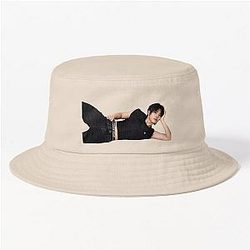 Ateez Mingi Kpop Photo Shoot Hat
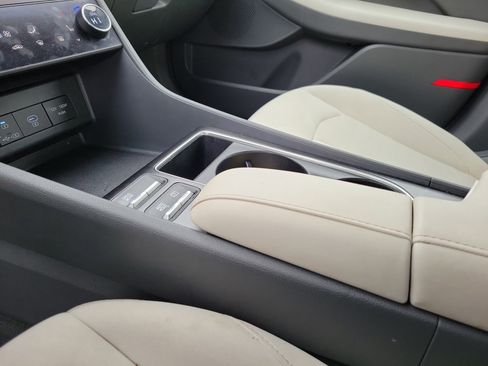 Certified 2024 Hyundai Sonata SEL image 29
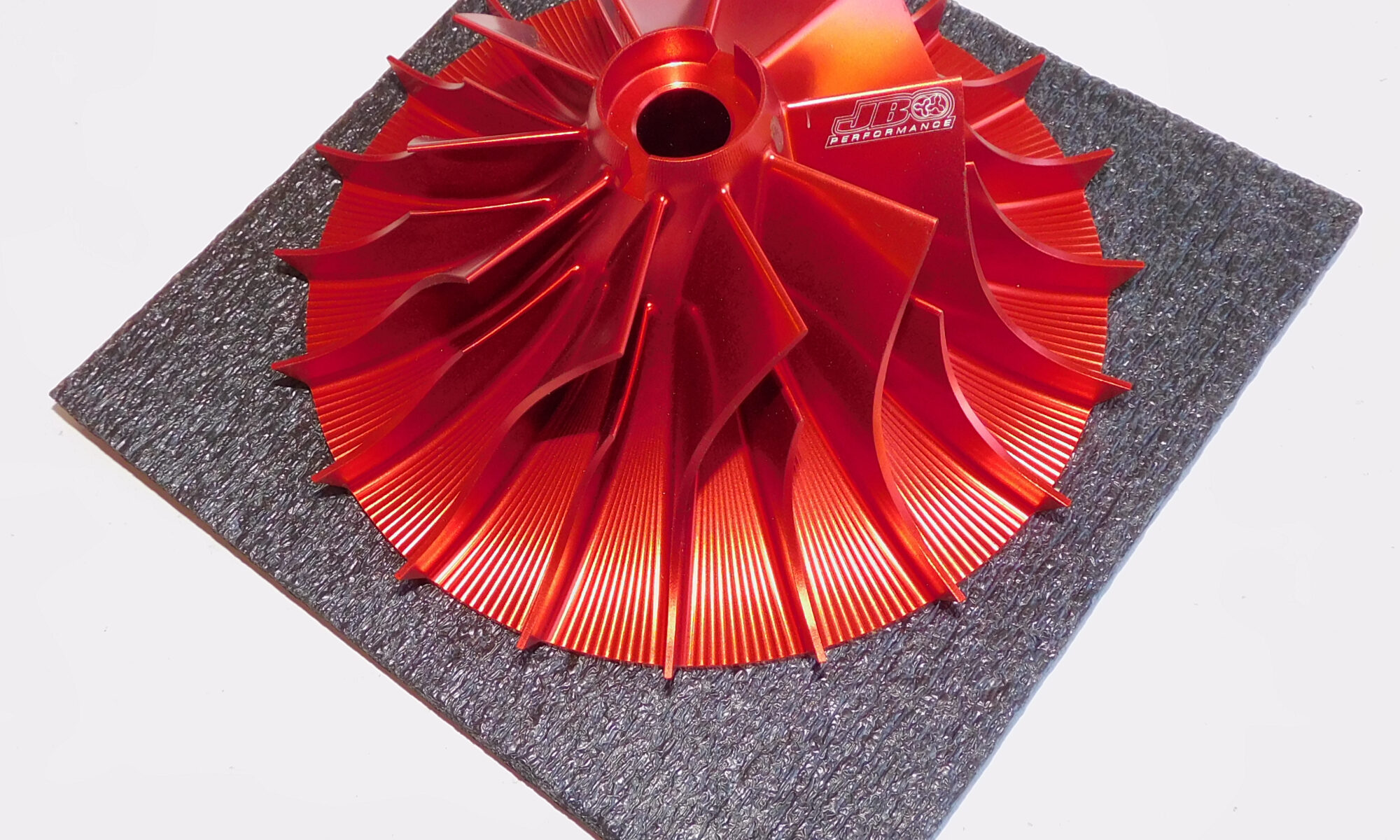 impeller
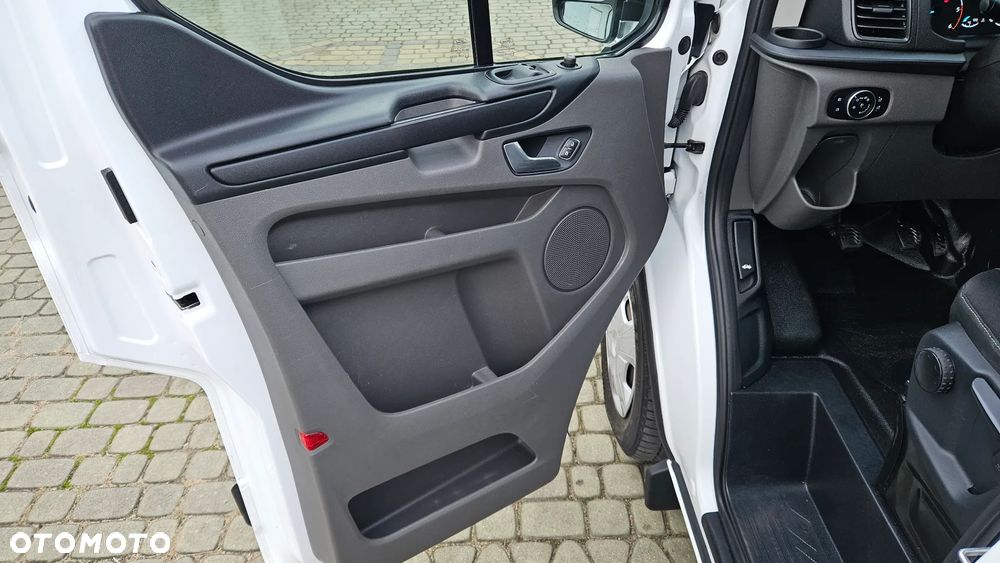 Ford Custom 2,0 TDCI - 13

*Directions*:
Give the listing above again exactly, minus any images.

*Exercise solution*:
 Ateez Mingi Kpop Photo Shoot Hat
 Certified 2024 Hyundai Sonata SEL image 29
 impeller
 Ford Custom 2,0 TDCI - 13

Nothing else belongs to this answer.